◆ HOW TO COMPLETE THIS TASK: Each entry below is to be returned exactly, with any pictures left out.

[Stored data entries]
* * * * * * *

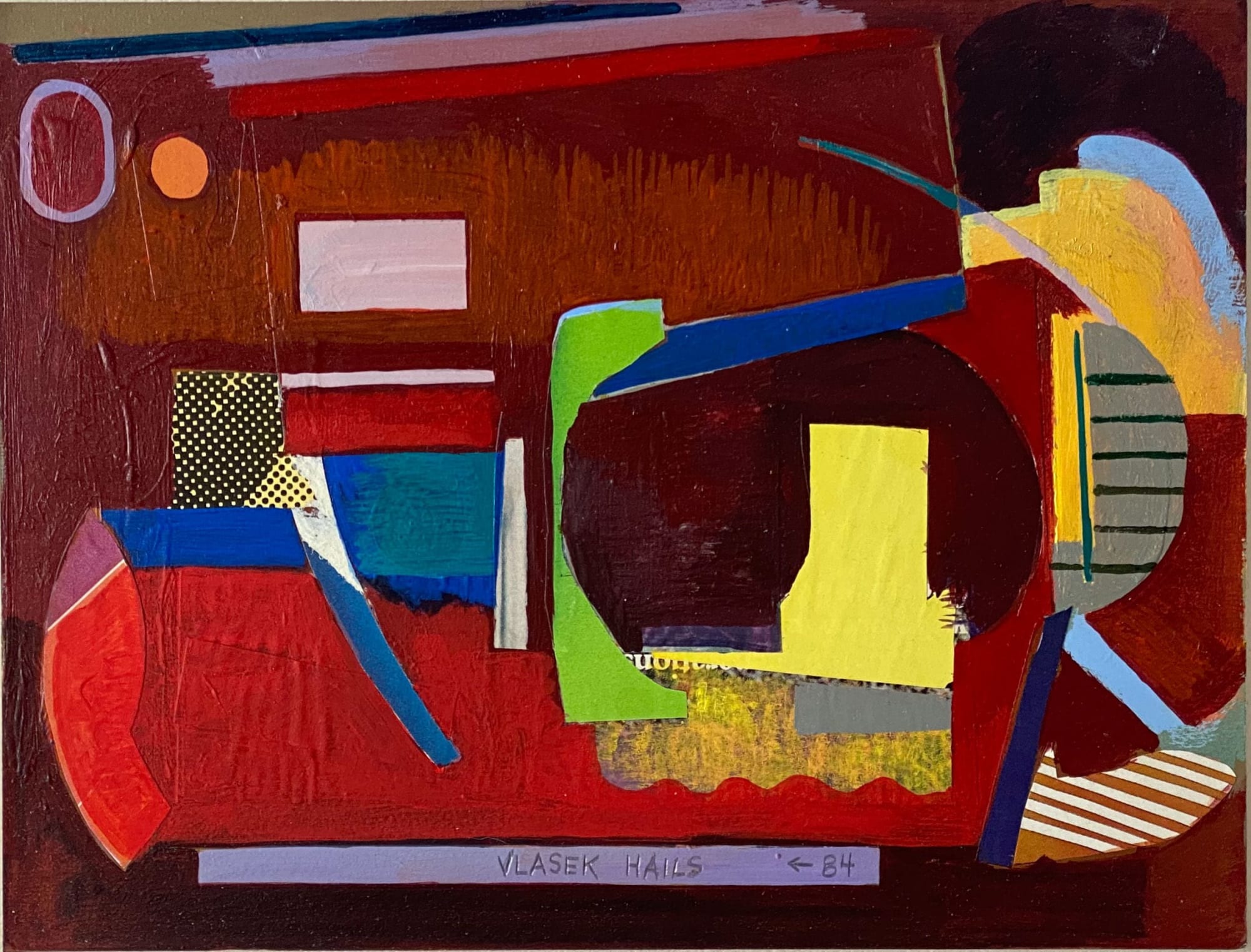 Doris Vlasek-Hails, Untitled, 1984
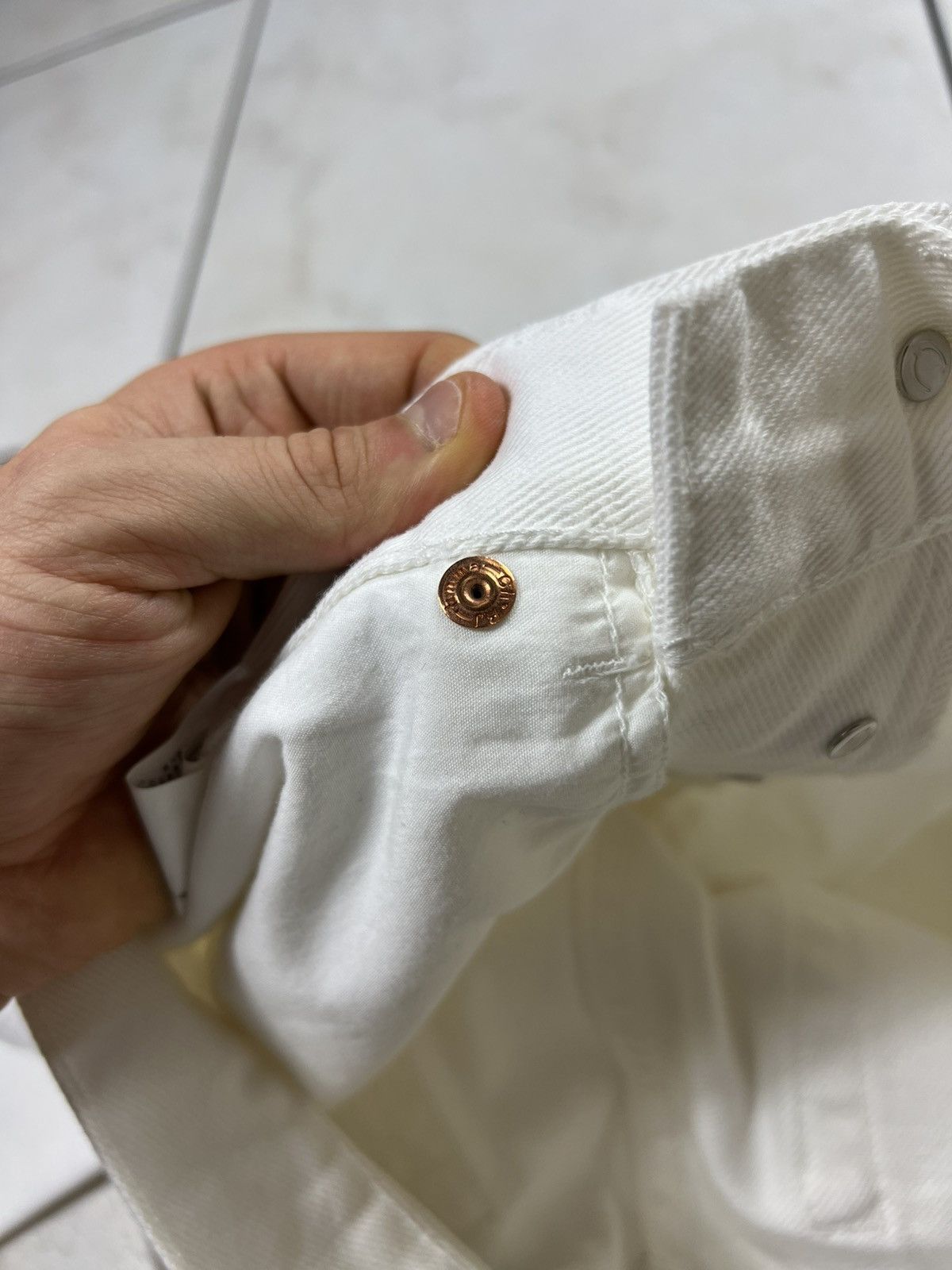 Roberto Cavalli Vintage Just Roberto Cavalli archive white denim jeans pants Size US 32 / EU 48 - 22 Thumbnail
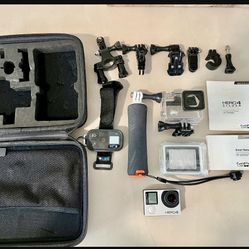 GoPro Hero 4 Silver With Accessories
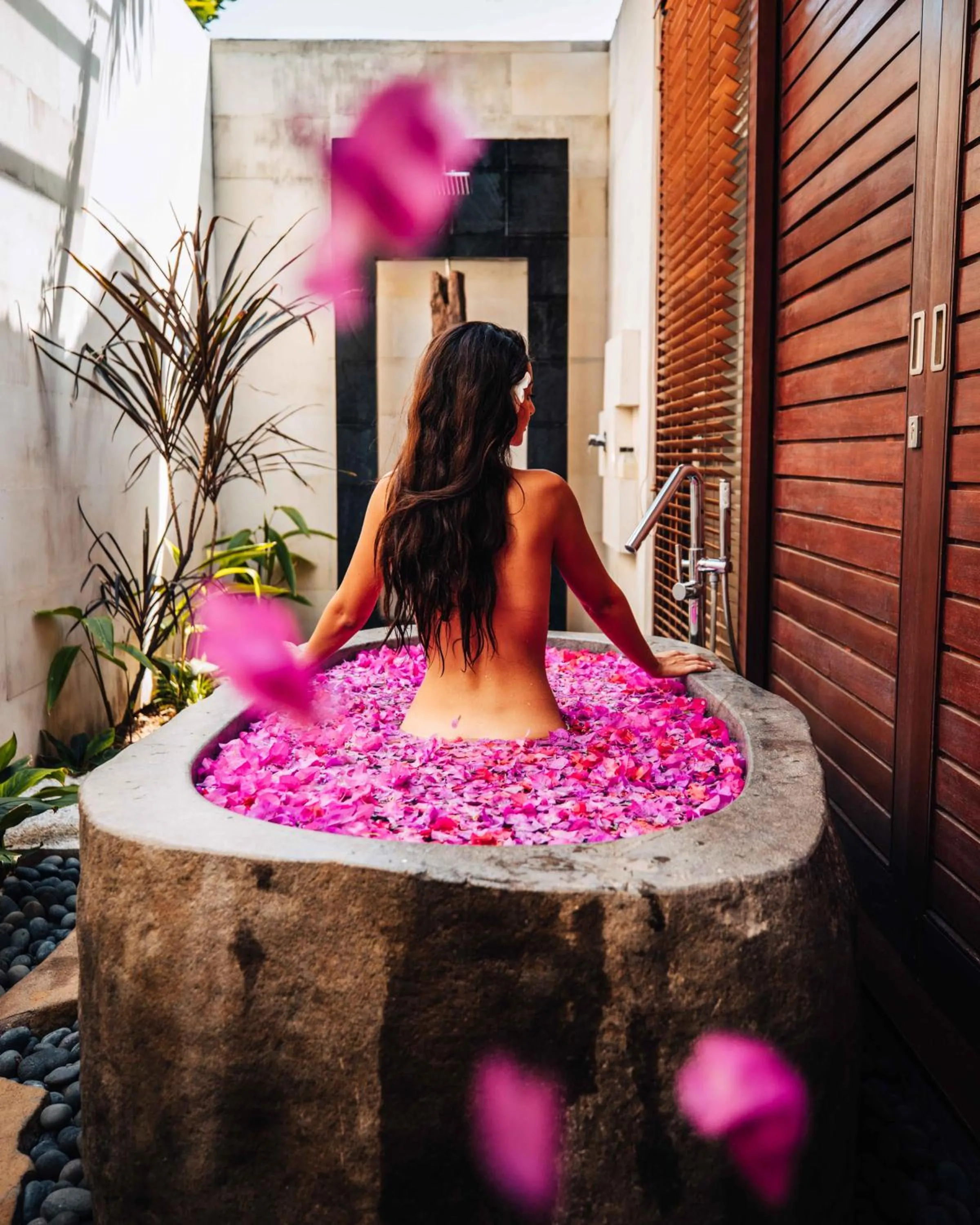 Bathroom in The Griya Villas and Spa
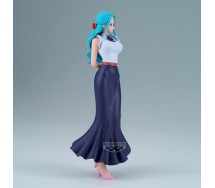 ONE PIECE Figure NEFELTARI VIVI 18cm Serie GRANDLINE EXTRA DXF Original BANPRESTO Bandai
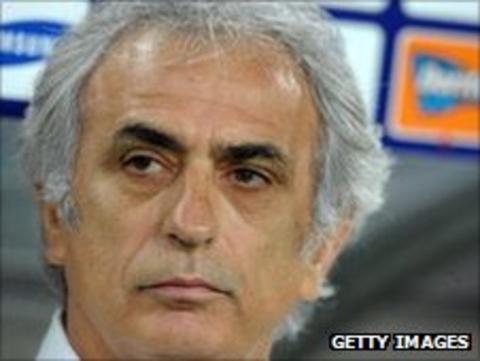 Algeria coach Vahid Halilhodzic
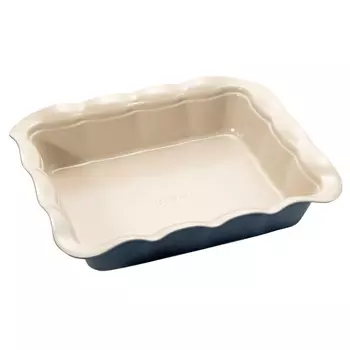 форма для запекания антипригарная APOLLO Azure 29,5х25,5х6,6см прямоугольная, сталь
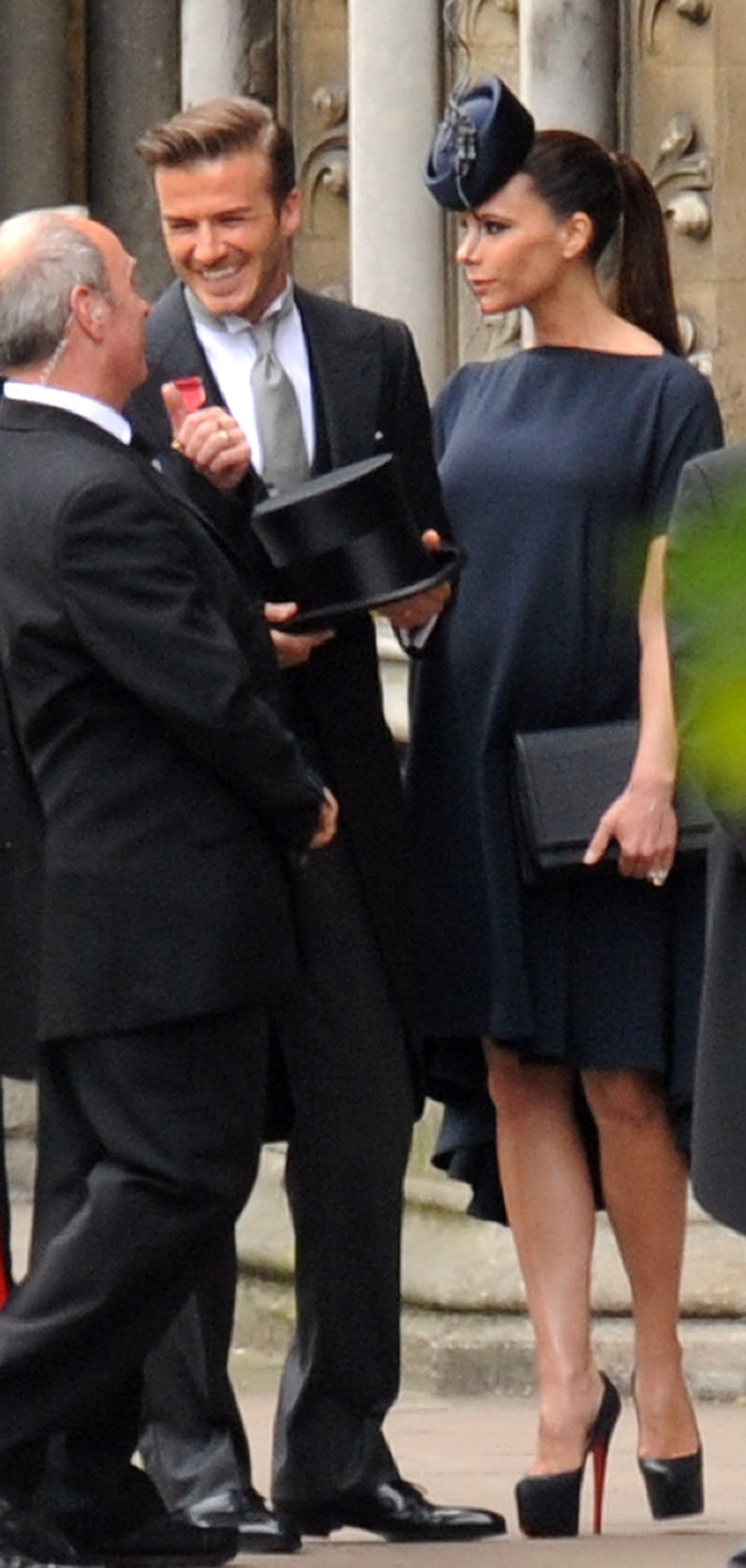 Victoria Beckham S Outfits At The Royal Weddings Popsugar Fashion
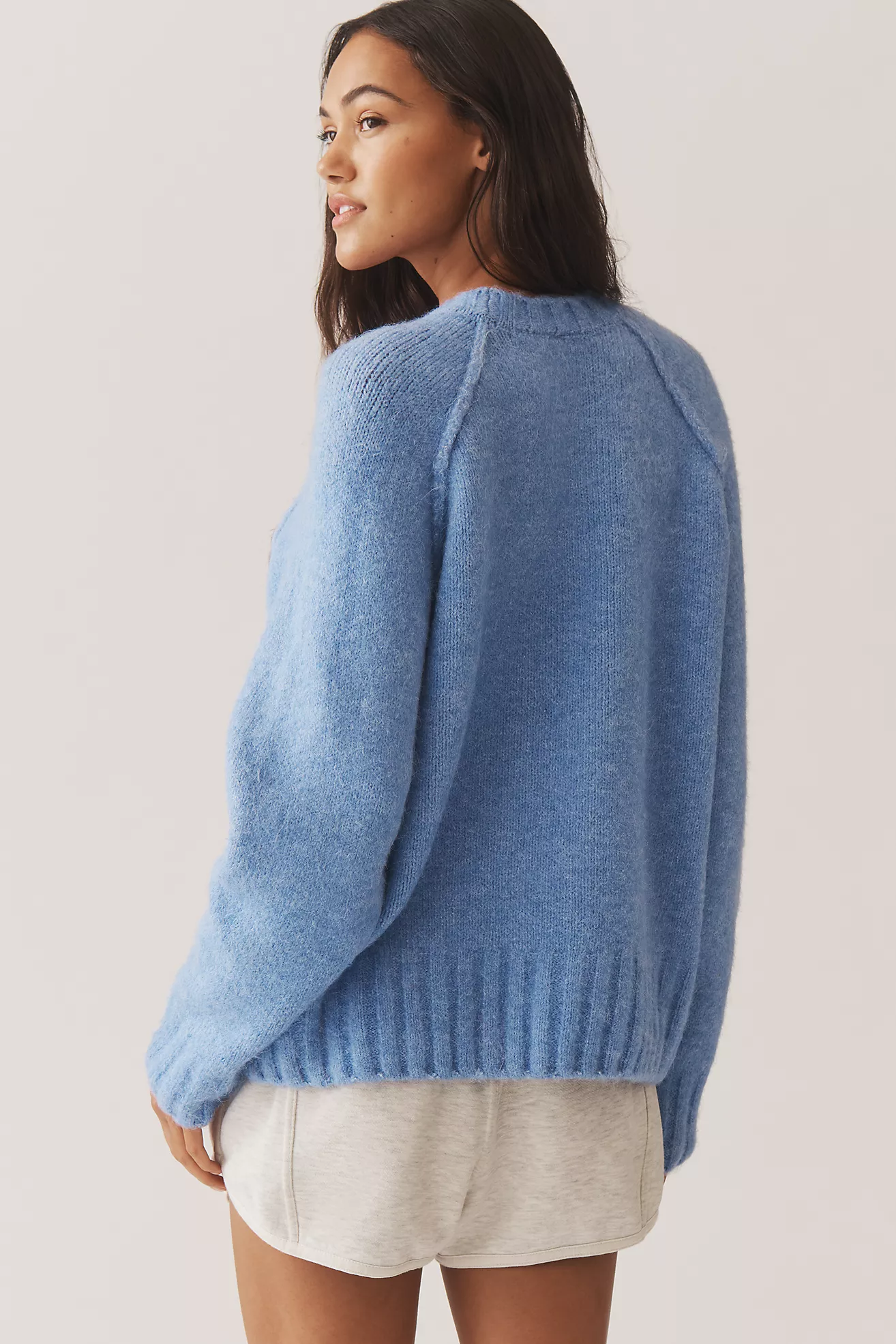 The Cline Chunky Crew-Neck Sweater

* * * * * * *

◆ TASK RESULT:
 Doris Vlasek-Hails, Untitled, 1984
 Roberto Cavalli Vintage Just Roberto Cavalli archive white denim jeans pants Size US 32 / EU 48 - 22 Thumbnail
 GoPro Hero 4 Silver With Accessories
 Bathroom in The Griya Villas and Spa
 ONE PIECE Figure NEFELTARI VIVI 18cm Serie GRANDLINE EXTRA DXF Original BANPRESTO Bandai
 Algeria coach Vahid Halilhodzic
 форма для запекания антипригарная APOLLO Azure 29,5х25,5х6,6см прямоугольная, сталь
 Victoria Beckham S Outfits At The Royal Weddings Popsugar Fashion
 The Cline Chunky Crew-Neck Sweater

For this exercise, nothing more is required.